Arriving under cover of darkness on the eve of Memorial Day, the president addressed approximately 3,000 troops at a nearby hangar to thank them for their service.
"I thank you as your Commander-in-Chief because you inspire me. Your willingness to serve, to step forward at a time of war, and say 'send me,' is the reason the United States stays strong and free. Of all the honors that I have serving as President, nothing matches serving as your Commander-in-Chief.
"... Tomorrow is Memorial Day. At bases here in Afghanistan and towns across America, we will pause and we'll pay tribute to all those who've laid down their lives for our freedom. And that includes nearly 2,200 American patriots who made the ultimate sacrifice, that last, full measure of devotion, right here in Afghanistan. I know you've stood in front of those battle crosses. I know many of you carry the memories of your fallen comrades in your heart today. We will honor every single one of them -- not just tomorrow, but forever."
During his speech, Obama also commented on the stalled bilateral security agreement negotiations with Afghanistan.

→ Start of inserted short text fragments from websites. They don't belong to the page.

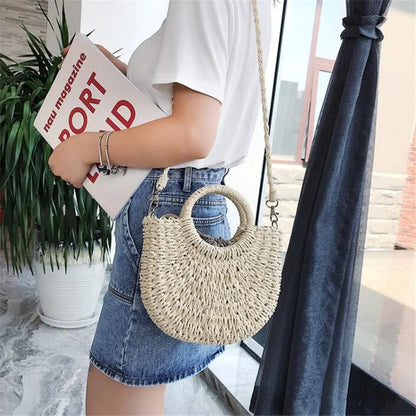 Handmade Half-Moon Straw Bag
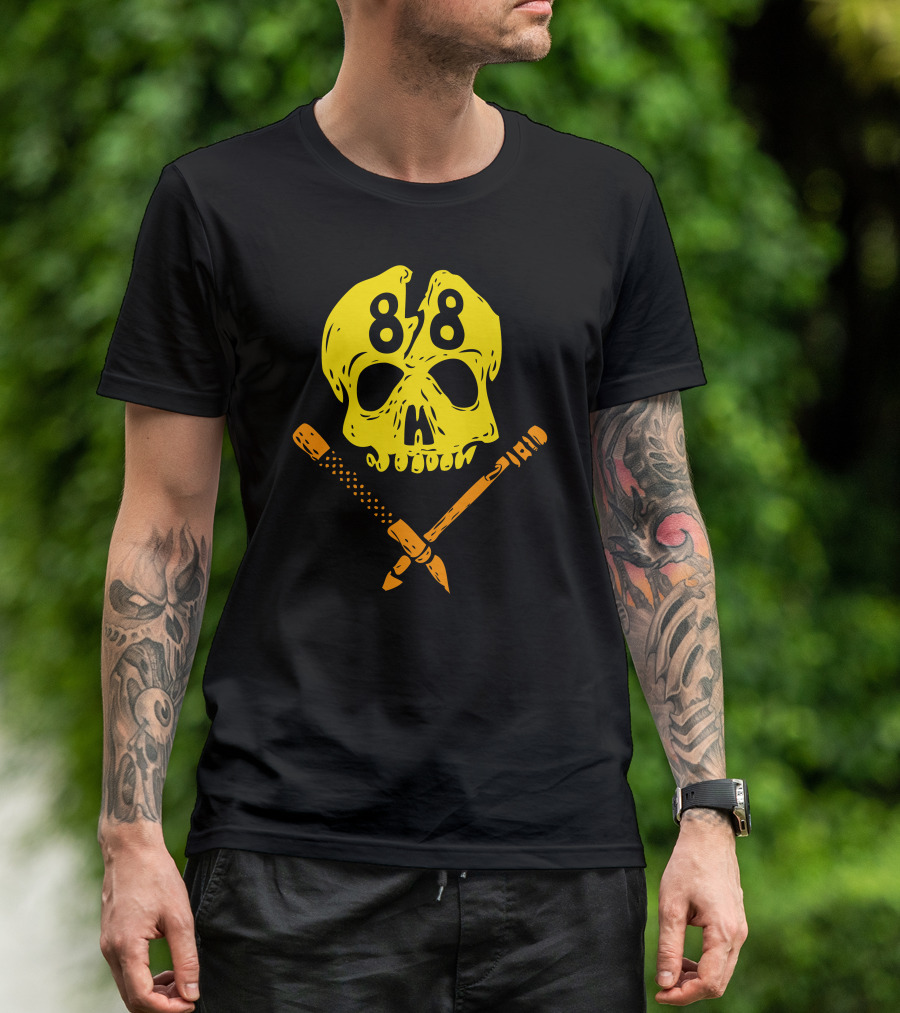 88 Skull Yellow Black Crossed Tools T-Shirt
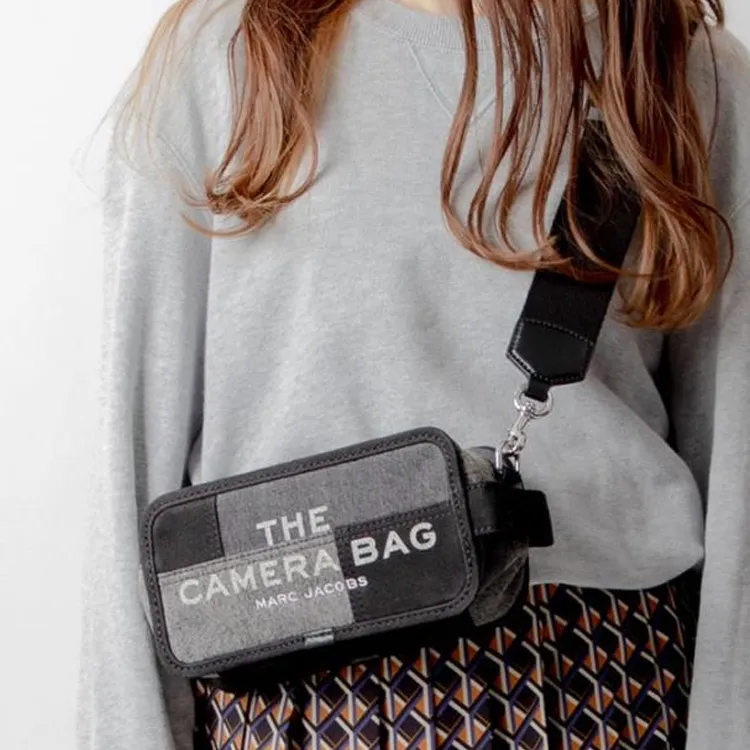 MARC JACOBS Cotton With Leather Camera Bag, Shoulder Bag, Crossbody Bag Regular Unisex Black-5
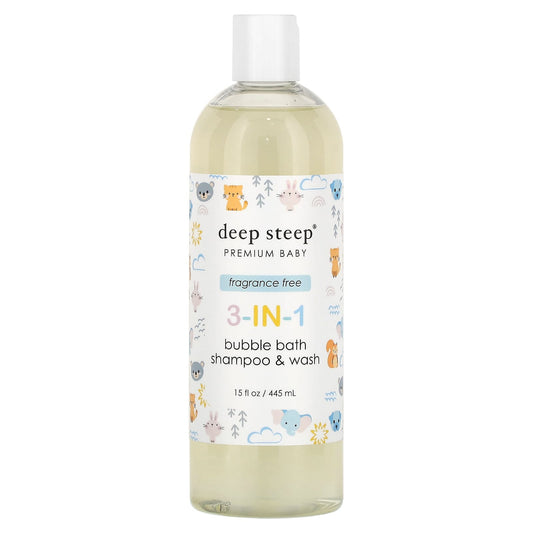 Deep Steep-Premium Baby-3-in-1 Bubble Bath-Shampoo & Wash-Fragrance Free-15 fl oz (445 ml)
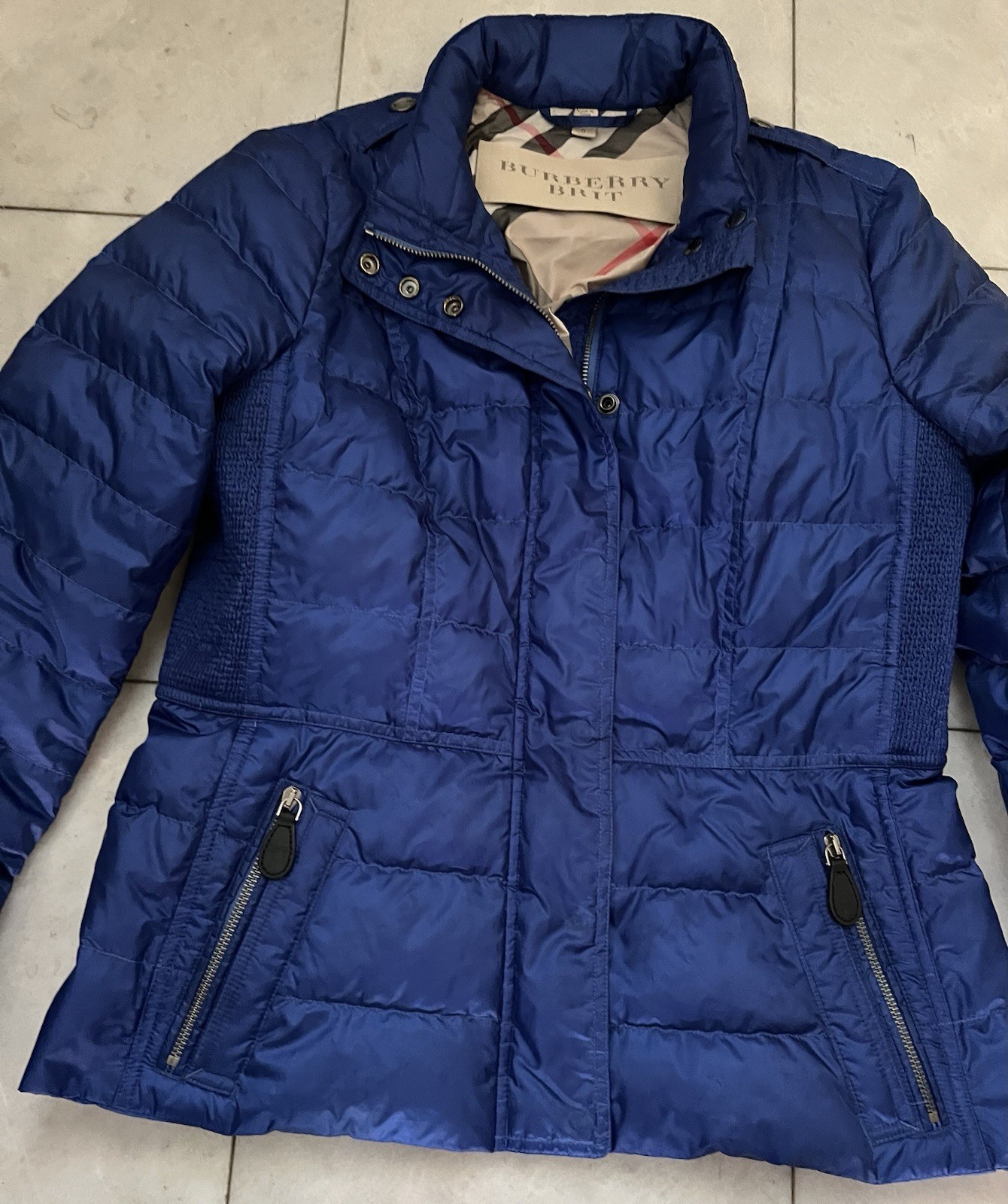 Burberry Brit Women’s Blue puffer down jacket size Large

In March, Obama had warned that absent President Hamid Karzai's signature, "The United States is moving forward with additional contingency planning" that would include the full military withdrawal of U.S. troops by the end of 2014. Now, with Karzai's tenure at an end, Obama conveyed optimism on Sunday that the next president of Afghanistan will sign the BSA.
"Once Afghanistan has sworn in its new president, I'm hopeful we will sign a bilateral security agreement that lets us move forward... We are going to make sure that Afghanistan can never again -- ever -- be used to launch a terrorist attack against our country."